Facebook

I hate to admit this.  I love Facebook.  A little too much.  When Heather was in elementary school, she completed an assignment about her family.  She divided a piece of paper into four quadrants and drew a picture of a family member in each quadrant with a description of something they liked underneath.  Below the stick figure she had drawn of me, which depicted me as much taller {and thinner} than I was, she wrote, “My Mom likes Facebook.”  I was mildly offended, but we all got a good laugh.  I never thought I liked Facebook too much, until my last iPhone update.  Now, a notification pops up on my screen each day and shows my “screen time.”  Not only does it show my screen time, it shows me precisely how much time relates to social media.  {Yikes!} I’m not going to share my average daily screen time, suffice to say, it’s more than I thought!

I do enjoy Facebook.  The main reason I enjoy it is because I am in North Carolina and most of my friends and family are in Illinois.  Facebook allows us to remain in touch rather nicely.  Recently, I was on Facebook, scrolling through my news feed when I saw a meme.  It was a simple, hot pink box with the sentence, If you could change one thing about your life, what would it be? Without pausing, I continued scrolling through my news feed.  The question caught my eye, but not enough to cause me to pause and read other people’s responses, or even remember who posted it.  As the week wore on though, the question kept nagging at me.

There was a time when answering that question would have been easy.  The first thing that would have come to mind was my father.  I lost my Dad a month after turning 32 and three days after Heather turned 3.  Abby wasn’t even a year old at the time. There was a time, if presented this question, I would have changed my life so my Dad would still be alive.  Losing him was a defining moment in my life.  I was not the same person after.  I spent the better part of the next ten years wishing I could change what happened.  Until, my brother died.  He was ten months older than my sister and me.  Irish triplets, if you will.  Another tremendous loss for my Mom, brother, sister, & I to endure.  My immediate family was never the same after losing my father, and it was even less so after my brother died.  It no longer felt right to wish my father was still alive.  Because if I could change only one thing about my life, and have my Dad be alive, I would still not have my brother. 

Which led me to ponder the question, “how would my life be different if my father was still alive?” Well, for starters, I wouldn’t be living in North Carolina. I was a “daddy’s girl.” Not even self-proclaimed. Ask anyone who knew us. There is no way I would have left the state of Illinois if my Dad were still alive. Being the lover of Facebook that I am, I scrolled through my friend list and counted the number of people I would not know today, had we not moved to North Carolina. I stopped counting at 100. More than 200 people in Illinois would have been happy that I never left, but at least 100 people and I would never have met.

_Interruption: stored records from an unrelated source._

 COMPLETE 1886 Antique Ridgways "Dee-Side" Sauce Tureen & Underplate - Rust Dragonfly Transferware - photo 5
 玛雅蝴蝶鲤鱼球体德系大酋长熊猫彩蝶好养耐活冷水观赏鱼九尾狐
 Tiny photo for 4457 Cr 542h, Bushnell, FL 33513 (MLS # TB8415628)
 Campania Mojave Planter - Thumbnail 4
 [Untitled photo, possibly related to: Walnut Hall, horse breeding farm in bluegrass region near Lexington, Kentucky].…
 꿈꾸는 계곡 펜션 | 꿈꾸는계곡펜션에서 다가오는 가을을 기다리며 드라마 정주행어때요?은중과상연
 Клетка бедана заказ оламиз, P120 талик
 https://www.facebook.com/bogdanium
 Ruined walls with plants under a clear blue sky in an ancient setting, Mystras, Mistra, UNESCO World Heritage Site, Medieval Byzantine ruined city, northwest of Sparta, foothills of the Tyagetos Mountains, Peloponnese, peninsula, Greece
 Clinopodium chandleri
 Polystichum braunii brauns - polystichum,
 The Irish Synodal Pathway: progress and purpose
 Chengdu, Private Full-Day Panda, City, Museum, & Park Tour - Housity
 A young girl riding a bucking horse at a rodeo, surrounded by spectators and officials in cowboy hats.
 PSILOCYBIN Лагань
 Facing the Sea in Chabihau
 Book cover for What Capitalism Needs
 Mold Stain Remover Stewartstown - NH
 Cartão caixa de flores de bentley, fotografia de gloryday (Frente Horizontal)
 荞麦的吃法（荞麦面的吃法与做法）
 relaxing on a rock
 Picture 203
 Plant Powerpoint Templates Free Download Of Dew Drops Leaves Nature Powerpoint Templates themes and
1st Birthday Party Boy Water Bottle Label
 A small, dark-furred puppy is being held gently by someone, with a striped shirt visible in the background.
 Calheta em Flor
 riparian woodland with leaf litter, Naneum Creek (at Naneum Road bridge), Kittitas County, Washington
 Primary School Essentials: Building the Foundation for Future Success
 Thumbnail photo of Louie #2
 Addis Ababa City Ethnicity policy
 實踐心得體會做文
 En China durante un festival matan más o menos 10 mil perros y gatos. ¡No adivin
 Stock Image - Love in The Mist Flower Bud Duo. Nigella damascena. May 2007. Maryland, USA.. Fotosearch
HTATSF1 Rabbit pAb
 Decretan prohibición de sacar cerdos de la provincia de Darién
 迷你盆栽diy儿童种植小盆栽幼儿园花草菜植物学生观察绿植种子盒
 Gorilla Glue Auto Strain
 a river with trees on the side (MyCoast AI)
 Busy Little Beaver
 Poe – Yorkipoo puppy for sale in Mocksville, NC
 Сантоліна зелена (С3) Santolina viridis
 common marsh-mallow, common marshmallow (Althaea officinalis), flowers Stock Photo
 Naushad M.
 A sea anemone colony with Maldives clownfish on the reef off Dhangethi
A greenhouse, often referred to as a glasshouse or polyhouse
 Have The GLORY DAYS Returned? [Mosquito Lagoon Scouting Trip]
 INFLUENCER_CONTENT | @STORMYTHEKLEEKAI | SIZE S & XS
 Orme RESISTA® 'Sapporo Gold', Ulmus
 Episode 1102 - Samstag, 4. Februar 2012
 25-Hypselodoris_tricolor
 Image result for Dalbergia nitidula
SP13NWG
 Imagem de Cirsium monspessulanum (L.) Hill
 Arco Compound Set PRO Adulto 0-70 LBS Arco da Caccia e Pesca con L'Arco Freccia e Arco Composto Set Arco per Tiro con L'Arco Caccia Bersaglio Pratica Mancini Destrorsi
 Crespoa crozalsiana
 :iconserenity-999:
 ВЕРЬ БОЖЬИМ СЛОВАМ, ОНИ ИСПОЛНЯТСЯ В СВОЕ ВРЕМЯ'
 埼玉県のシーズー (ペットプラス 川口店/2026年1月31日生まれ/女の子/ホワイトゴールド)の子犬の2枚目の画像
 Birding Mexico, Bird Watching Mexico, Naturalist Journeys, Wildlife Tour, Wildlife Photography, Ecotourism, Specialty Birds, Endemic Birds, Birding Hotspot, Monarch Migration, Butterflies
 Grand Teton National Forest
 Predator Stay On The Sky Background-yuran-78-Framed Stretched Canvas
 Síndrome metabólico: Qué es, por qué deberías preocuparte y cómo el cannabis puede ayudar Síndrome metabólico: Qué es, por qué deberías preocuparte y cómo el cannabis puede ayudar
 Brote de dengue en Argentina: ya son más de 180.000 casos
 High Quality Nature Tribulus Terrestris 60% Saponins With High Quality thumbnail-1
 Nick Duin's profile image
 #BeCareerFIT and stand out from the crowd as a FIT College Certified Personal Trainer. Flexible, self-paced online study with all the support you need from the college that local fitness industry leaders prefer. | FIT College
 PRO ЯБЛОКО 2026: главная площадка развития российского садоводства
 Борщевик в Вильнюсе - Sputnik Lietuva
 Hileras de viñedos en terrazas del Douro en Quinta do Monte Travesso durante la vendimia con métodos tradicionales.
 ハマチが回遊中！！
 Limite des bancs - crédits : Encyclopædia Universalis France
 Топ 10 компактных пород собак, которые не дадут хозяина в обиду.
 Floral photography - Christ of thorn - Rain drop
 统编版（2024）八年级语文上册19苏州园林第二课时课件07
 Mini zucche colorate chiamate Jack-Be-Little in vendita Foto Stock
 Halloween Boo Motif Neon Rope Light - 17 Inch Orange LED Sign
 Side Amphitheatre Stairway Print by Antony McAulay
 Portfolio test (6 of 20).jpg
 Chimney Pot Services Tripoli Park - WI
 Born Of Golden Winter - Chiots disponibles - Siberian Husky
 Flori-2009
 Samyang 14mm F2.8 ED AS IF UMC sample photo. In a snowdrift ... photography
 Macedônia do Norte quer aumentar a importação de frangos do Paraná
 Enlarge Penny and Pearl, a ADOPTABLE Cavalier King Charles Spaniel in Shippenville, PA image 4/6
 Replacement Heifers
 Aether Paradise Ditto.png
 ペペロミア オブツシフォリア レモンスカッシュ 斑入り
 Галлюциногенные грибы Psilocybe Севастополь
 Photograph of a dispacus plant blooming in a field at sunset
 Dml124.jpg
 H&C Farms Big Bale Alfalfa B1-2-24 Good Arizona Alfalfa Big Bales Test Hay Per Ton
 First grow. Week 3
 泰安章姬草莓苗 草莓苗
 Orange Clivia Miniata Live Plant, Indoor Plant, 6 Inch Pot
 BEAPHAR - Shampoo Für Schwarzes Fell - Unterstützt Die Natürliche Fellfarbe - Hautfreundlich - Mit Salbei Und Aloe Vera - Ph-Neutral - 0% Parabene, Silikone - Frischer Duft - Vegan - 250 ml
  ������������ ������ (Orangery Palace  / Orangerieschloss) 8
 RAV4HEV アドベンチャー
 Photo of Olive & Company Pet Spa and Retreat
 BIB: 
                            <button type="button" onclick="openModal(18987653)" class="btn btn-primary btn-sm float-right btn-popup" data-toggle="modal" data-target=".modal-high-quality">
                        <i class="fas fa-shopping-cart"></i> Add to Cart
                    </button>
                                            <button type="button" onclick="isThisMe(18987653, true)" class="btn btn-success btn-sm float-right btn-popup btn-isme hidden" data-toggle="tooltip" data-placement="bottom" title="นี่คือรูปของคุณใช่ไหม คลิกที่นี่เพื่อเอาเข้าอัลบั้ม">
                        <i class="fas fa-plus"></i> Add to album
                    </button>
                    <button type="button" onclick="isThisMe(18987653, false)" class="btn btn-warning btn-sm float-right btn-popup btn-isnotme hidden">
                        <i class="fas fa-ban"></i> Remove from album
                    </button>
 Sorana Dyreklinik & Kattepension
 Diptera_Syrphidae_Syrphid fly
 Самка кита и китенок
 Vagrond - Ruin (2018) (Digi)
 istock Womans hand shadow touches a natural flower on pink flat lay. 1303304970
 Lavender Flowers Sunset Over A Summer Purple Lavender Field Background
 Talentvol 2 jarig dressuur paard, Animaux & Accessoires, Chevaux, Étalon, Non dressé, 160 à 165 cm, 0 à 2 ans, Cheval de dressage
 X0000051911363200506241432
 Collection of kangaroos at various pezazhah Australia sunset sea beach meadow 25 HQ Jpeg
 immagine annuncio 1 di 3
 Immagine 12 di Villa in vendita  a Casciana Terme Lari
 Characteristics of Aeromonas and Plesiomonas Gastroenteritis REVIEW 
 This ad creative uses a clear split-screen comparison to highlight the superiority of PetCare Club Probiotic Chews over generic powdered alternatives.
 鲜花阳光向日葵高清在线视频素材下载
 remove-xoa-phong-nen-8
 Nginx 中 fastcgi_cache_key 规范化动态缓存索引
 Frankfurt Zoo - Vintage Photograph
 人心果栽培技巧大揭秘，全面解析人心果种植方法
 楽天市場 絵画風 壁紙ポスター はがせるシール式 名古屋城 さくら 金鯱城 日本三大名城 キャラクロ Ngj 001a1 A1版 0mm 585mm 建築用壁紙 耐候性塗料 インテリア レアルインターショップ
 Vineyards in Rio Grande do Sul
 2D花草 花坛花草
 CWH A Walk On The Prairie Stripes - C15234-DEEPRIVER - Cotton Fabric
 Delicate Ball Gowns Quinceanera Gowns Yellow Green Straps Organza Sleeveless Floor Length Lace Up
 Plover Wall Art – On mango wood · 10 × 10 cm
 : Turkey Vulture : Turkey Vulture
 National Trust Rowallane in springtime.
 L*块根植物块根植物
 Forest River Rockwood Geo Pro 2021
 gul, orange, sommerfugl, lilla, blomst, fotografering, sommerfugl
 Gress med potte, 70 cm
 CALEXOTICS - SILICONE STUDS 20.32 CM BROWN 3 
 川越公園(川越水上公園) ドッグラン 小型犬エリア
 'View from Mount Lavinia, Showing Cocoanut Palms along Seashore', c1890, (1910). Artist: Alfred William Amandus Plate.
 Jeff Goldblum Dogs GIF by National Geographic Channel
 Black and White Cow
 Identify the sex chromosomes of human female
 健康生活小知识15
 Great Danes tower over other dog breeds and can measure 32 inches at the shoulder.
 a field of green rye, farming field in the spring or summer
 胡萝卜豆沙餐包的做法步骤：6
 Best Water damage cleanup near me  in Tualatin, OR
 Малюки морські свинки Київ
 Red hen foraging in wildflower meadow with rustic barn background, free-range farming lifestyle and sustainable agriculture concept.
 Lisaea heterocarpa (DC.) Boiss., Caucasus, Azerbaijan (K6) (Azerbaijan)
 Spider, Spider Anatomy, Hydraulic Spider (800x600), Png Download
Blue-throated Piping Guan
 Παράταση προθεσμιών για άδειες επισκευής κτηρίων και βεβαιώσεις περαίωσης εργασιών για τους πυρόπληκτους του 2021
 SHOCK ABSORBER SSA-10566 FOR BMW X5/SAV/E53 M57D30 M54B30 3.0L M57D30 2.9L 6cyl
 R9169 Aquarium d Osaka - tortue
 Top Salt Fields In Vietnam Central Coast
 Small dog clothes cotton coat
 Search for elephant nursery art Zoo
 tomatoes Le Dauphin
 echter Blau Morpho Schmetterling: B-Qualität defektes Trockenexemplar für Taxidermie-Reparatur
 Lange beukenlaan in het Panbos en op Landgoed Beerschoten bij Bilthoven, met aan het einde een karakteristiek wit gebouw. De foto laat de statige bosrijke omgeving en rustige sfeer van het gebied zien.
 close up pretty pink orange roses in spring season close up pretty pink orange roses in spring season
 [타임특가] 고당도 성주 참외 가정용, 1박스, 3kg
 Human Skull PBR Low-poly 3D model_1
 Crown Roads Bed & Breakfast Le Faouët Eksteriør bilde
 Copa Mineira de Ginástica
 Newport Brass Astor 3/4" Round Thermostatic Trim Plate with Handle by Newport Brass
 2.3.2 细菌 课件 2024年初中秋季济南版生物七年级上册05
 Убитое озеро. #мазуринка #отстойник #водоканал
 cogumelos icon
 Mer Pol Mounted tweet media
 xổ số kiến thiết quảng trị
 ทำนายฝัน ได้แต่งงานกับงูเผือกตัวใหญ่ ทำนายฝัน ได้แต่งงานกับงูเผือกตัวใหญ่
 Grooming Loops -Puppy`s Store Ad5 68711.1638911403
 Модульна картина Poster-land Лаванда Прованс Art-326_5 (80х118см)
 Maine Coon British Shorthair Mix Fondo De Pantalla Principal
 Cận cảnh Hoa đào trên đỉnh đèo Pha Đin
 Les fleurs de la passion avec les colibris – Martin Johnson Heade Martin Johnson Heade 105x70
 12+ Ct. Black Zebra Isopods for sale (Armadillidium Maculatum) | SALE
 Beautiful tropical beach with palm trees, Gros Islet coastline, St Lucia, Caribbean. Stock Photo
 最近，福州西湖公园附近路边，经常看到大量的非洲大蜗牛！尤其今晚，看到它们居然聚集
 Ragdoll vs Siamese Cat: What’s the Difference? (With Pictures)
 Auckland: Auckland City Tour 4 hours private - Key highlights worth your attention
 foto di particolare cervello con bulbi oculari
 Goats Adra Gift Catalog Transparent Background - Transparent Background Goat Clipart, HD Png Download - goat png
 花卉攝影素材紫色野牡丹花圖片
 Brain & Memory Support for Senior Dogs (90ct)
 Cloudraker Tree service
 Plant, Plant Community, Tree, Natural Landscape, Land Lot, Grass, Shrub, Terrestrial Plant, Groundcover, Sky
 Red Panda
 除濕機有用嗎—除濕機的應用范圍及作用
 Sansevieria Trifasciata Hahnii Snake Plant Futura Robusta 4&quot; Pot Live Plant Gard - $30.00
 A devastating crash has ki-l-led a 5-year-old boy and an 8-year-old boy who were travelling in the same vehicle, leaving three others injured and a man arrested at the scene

I am special.  I don’t mean chosen by God for anything specific or something like that.  I am special in that I am extremely sensitive.  I feel things very deeply. I cry hearing happy stories. I cry watching sad movies.  Tears form in my eyes when I see an animal has perished on the roadside.  I delight in watching cardinals dance among the tree branches in my yard and truly do believe the feathered creatures carry the spirit of my father, or my brother, in their heart.  I believe in kismet.  I believe everything happens to us for a reason, even if we do not understand the reason at that moment.

“If you could change one thing about your life, what would it be?”  I’m sure whoever posted the meme expected simple answers like “lose 50 pounds,“  “win the lottery,” or “eat chocolate every day.”  Life has humbled me and I’m much too pragmatic to provide such a trivial answer.  The truth is, I wouldn’t change anything about my life.

Every experience, good or bad, from childhood through yesterday, has prepared me to be the person I am today. I try not to focus too much on the reason why things happen, especially the things that change my heart in such a way that cause it to never be the same. But perhaps I needed to experience my profound losses in order to be strong enough for the journey I am currently on. Perhaps, if we had stayed in Illinois, Heather’s journey would have been an even more difficult one. Maybe the last ten years I spent volunteering to do things no one else stepped up for prepared me to be the ally and advocate I have become.

Knowing what I know about the LGBTQ community, and more particularly transgender youth, my heart will not let me forget about those who have not come out to their parents yet.  My heart will not let me forget the isolation I felt as we scrambled to understand what our child was going through.  And, if my life did not transpire the way it has, I would not be here today, doing the things I am doing, albeit little things, to make the world a better place.